Текущая страница: 14 (всего у книги 42 страниц) [доступный отрывок для чтения: 14 страниц]
Писать ни о чем сложно. Это серьезное испытание.
Я уже пробовал неоднократно и убедился окончательно.
А. Иличевский
После такого начала можно и не продолжать, настолько все очевидно.
А ведь это действительно начало – цитата из самого первого романа Иличевского «Соляра» (он же «Нефть», он же «Мистер Нефть, друг»).
Автор совершает каминг-аут, и уже, вроде бы, нет смысла разоблачать его далее.
Все так, все романы Иличевского ни о чем.
Но разве не такова нынешняя отечественная литература? Поэтому недавний триумф в рамках «Большой книги» закономерен: Иличевский – лидер современной прозы, типичный представитель, выразивший суть российской словесности коротко и ясно уже в младых летах. «Сложно и ни о чем» – предмет и метод не только Иличевского, но и многих его коллег, особенно тех, что проходят по гильдии «интеллектуальной прозы». Но многим не удалось добиться таких успехов.

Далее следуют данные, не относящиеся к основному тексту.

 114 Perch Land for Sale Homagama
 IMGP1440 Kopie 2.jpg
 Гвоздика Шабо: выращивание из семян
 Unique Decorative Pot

Тот же собрат по «интеллекту» Шаров скорее известен, чем отмечен, а Иличевский и известен, и обласкан. Третье десятилетие на сцене – и все на первых ролях: премии и слава самого большого умника, мастера сложной прозы.

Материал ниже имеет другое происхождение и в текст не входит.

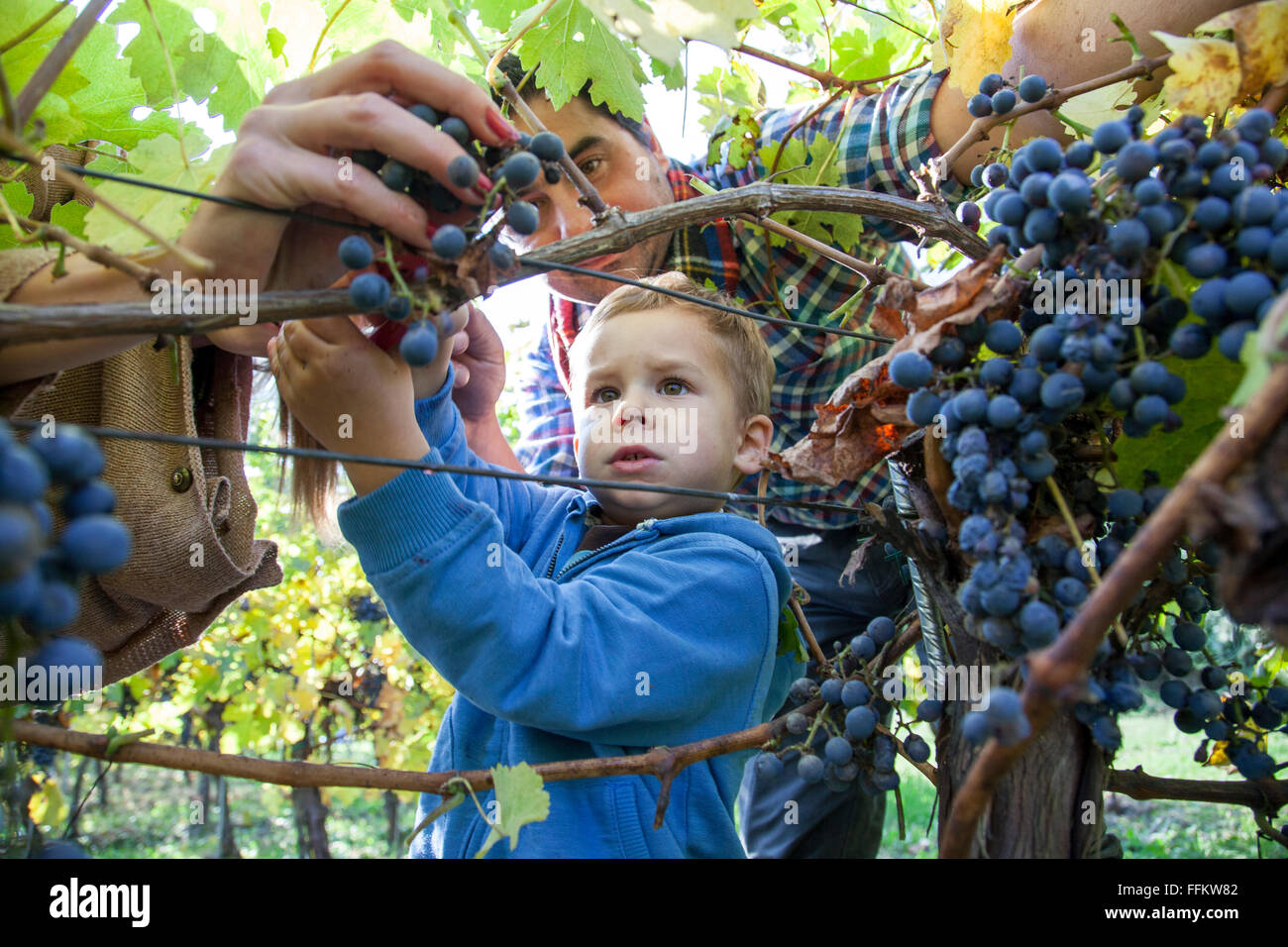 Vater und Sohn, die Ernte der Trauben im Weinberg Stockfoto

Невозможно понять, как так сложилось, что в нашей литературе ум стал сочетаться с писанием ни о чем. Версия имеется. Времена такие, черное стало белым.
Ничто влекло Иличевского всегда. С первых дней в прозе. Одержимость им присутствует почти в каждом романе. Все пронизано пустотой, утверждается в «Доме на Мещере», загадкой неживой материи («Матисс»), темным участком, который содержит самую важную информацию («Перс»). Даже Бог должен быть пустотой («Анархисты»), если он добрый, конечно. Вот и в «Чертеже Ньютона» герой, очередное намечтанное второе Я автора, задумывается о темной материи.
Иличевский последователен. Тяга к ничто у него не только заявлена, но и реализована на практике. Его романы, в сущности, и есть концентрированное ничто. Пробежав любую книгу, сразу после, уже с трудом вспомнишь было ли там что-то такое, ради чего стоило читать. Не вспомнишь и чем кончилось. Мелькали чудаки всех мастей, странные истории, экзотические места. Но что они, на что они? Нет, не помню.
Но ничто – это не пустота, а что-то вроде черной дыры, манящей неясности, некоего сокрытого иного. Какого, сказать прямо нельзя. Остается ходить вокруг и щупать, как слепой слона. Туманность и неопределенность становится у Иличевского методом изложения, оправданием его языковых взбрыкиваний, шокирующих читателя в ранних романах и утомляющих своей серостью, стертостью, обыкновенностью, унылостью в более поздних вещах.
У Иличевского происходящее, окружающее отображается неживыми словами, мертвым, ничего не говорящим антиматериальным языком. Он пытается синтезировать «научную» подачу с выморочной боллитровской «художественностью». Обычная ситуация для его прозы – длинные путаные натужные сравнения, обороты, что-то занудно описывающие, но не формирующие у читающего никакого внятного четкого образа. Полная безОбразность и тривиальное неумение, да и нежелание объяснять. «Чудо послоговых мычаний».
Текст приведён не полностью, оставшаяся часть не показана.